Feeding Non-stop (every hour):
In the first 2 weeks of life this can be a common phenomenon called cluster feeding. Try to keep up and as your breast milk supply increases and peaks, usually at 2-3 weeks, this typically will resolve, and your baby is satiated. If it seems that your baby is continuing to cluster feed for hours at a time after the age of 3-4 weeks, there is probably an issue with caloric volume. At this point, we should consider changing the feeding plan as this can take an unbearable toll on a mother’s wellbeing.
Will Not Take the Bottle:
We recommend introducing the bottle at around 3-4 weeks. This is late enough that your baby will not get lazy or confused with breastfeeding and early enough that he will accept the bottle. If your baby will not take a bottle, try different types of nipples. Unfortunately, there is no clear-cut solution. Sometimes this situation culminates in a very hard first week of daycare.
Formulas: Which ones should you use?
There are basically 4 types of formula-
- Cow milk protein-based formula- Enfamil, Similac or Good Start. Other generic brands such as Kirkland brand or Target brand are also perfectly suitable as long as they contain DHE.

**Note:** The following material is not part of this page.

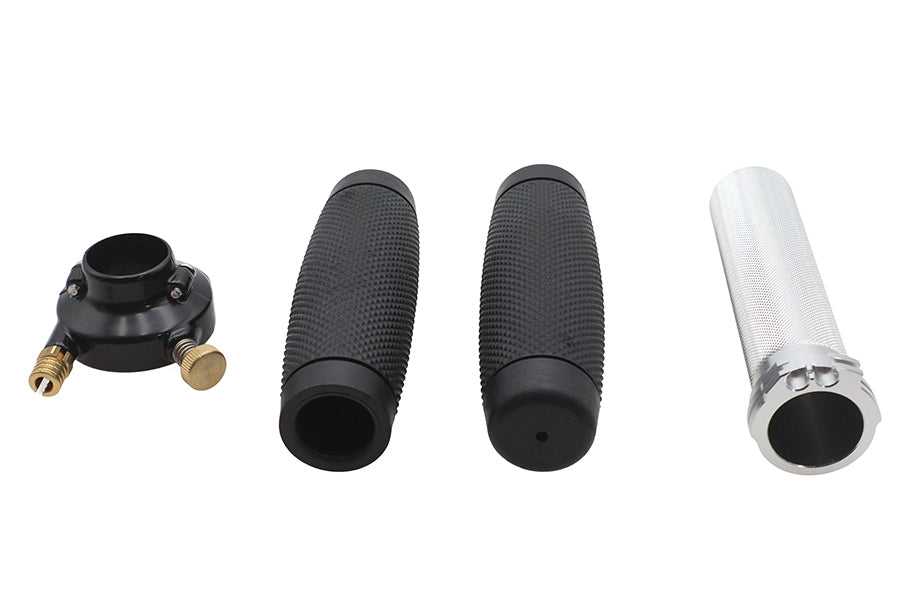 Ultima Twist Grip Assembly Black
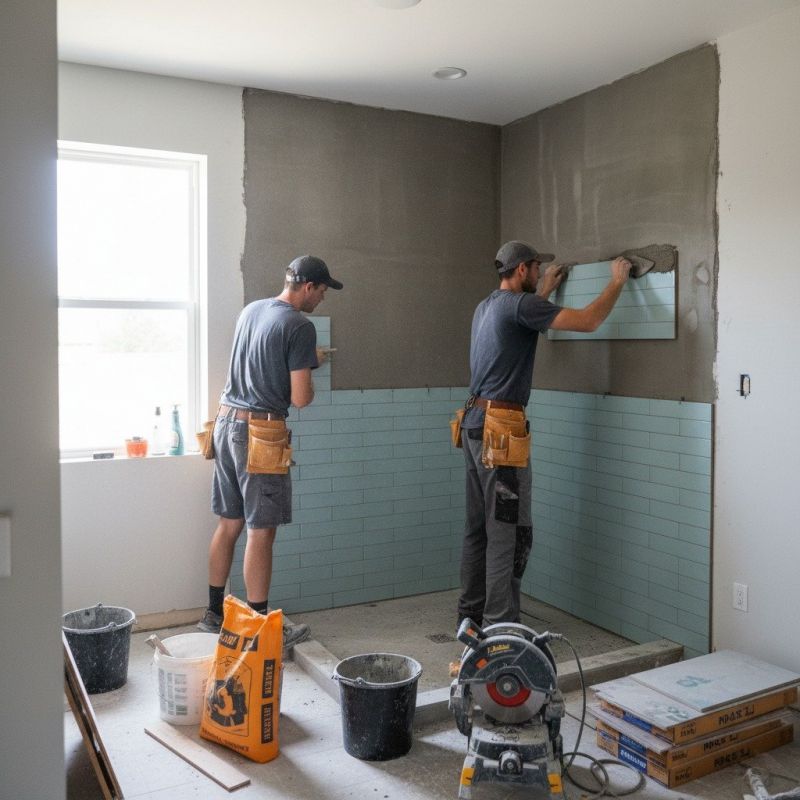 Tile Shower Installation in Boise, ID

- Within this group are also available: lactose free formulas, lower lactose formulas with partially hydrolyzed proteins (Enfamil Gentle Ease) (for babies with lactose intolerance) and thickened formulas (Enfamil AR) (for babies with reflux)
- Soy protein-based formula-Prosoybee or Isomil.

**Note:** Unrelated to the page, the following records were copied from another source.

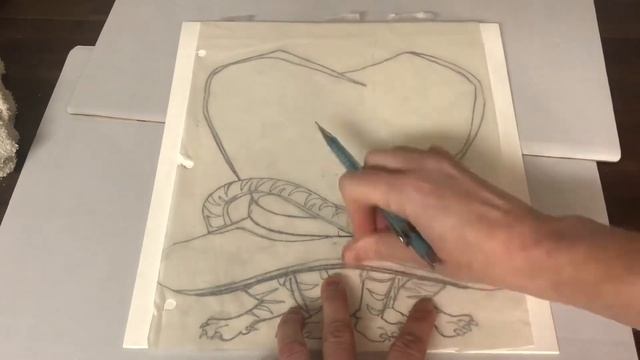 Tracing Paper Transfer: Ripped Paper Collage смотреть онлайн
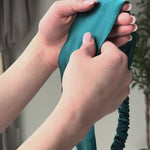 Teal Pure Silk Headband
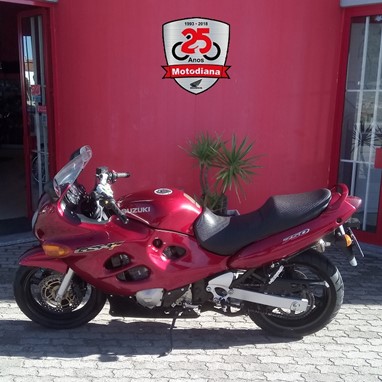 Suzuki GSX 750F | Moto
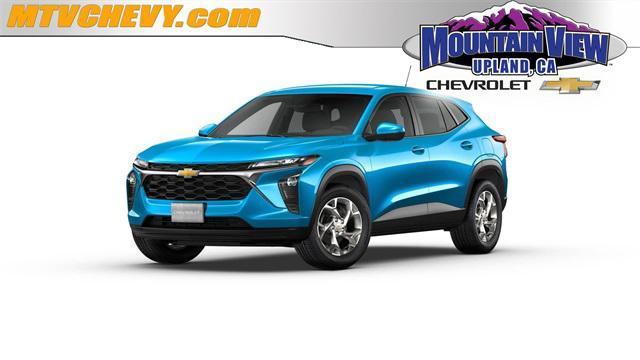 new 2025 Chevrolet Trax car, priced at $19,635
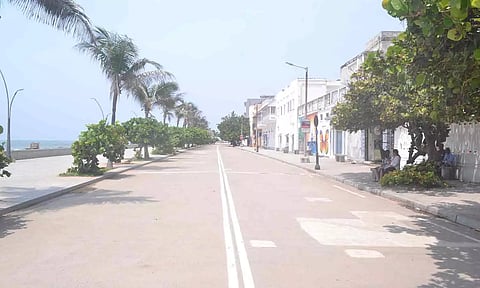  105 டிகிரி கொளுத்திய வெயில்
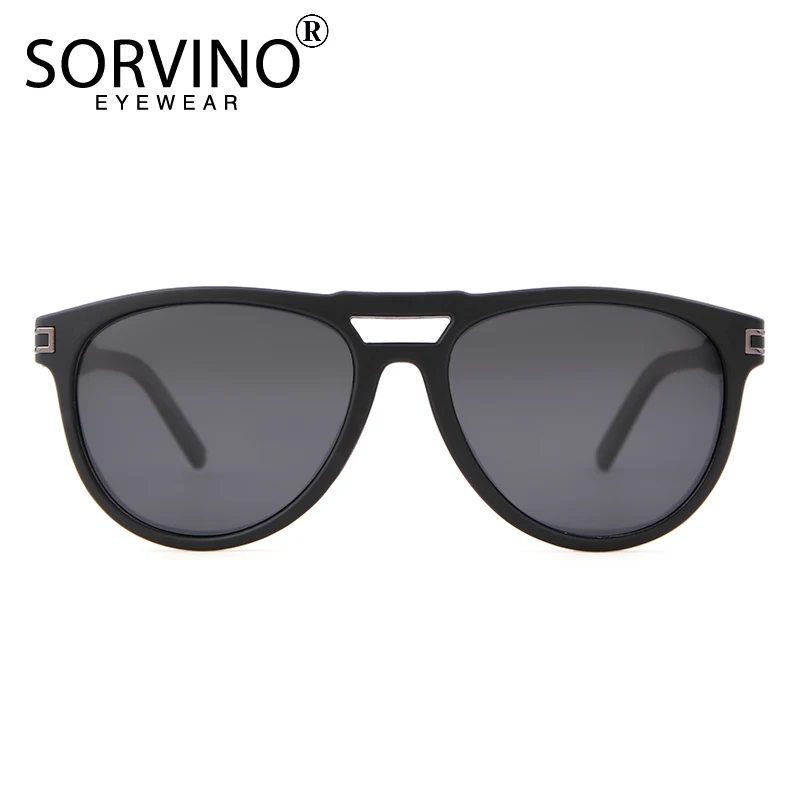 Мужские и женские солнцезащитные очки авиаторы SORVINO брендовые дизайнерские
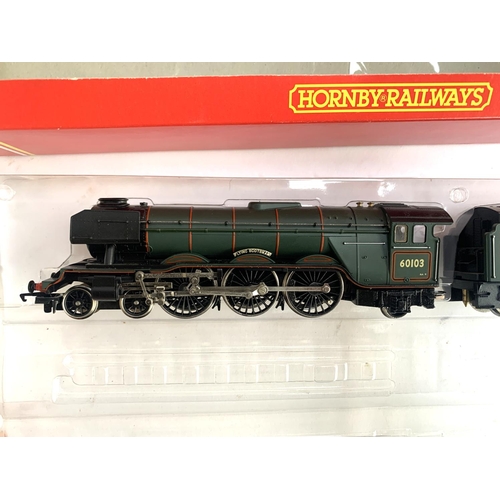 82 - A Hornby OO gauge BR locomotive and tender, 'The Flying Scotsman', R078, boxed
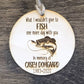 Fishing in Heaven Ornament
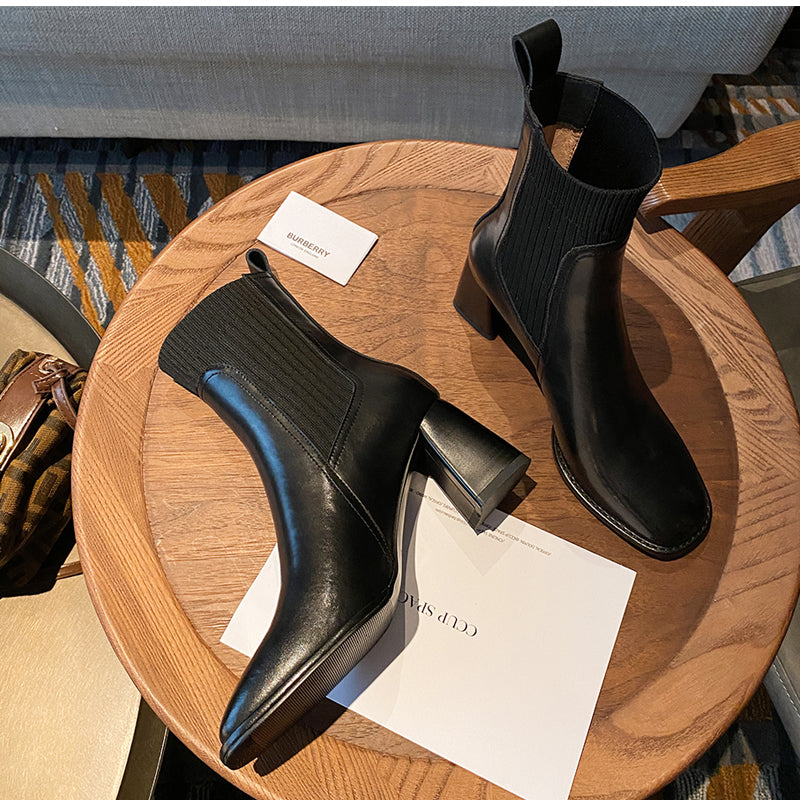 'Anuka' Boots - - DYAVOR®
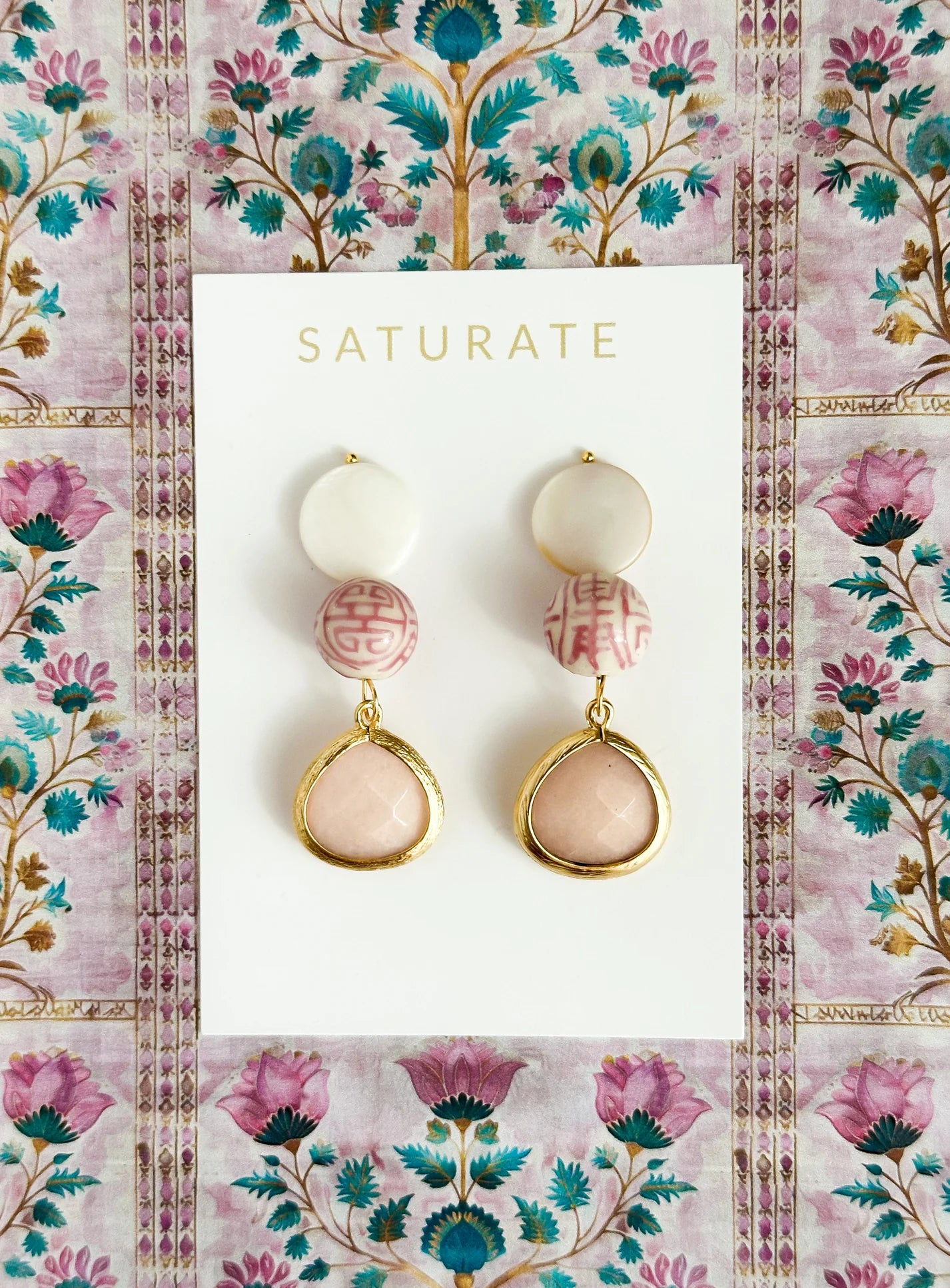 Saturate Hannah Earring | Vagabond Apparel Boutique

- Hydrosylate formulas- Nutramigen or Alimentum (for milk protein allergies)
- Formula for Premature babies- Neosure 22- this is a formula with extra calories and nutrition.
We personally recommend starting with Enfamil Lipil and the Enfamil line of products because it has the highest concentration of DHE. DHE has been proven to help with brain and eye development.
For excessive gas/loose stools/pain
- First, try Enfamil Gentle Ease (partially hydrolyzed proteins and less lactose) or Nestle Good Start (has probiotics mixed in) or adding over the counter probiotics.
- Second line would be to switch a soy formula (Prosoybee) for presumed milk protein allergy.
- Lastly, would be to switch to a hydrosylated formula (Nutramigen) (with pre- digested proteins) for presumed true milk protein allergy.
For excessive pain with reflux
Try Enfamil AR- this formula is mixed with a rice substitute than becomes more viscous after it hits the stomach, making it less likely to reflux.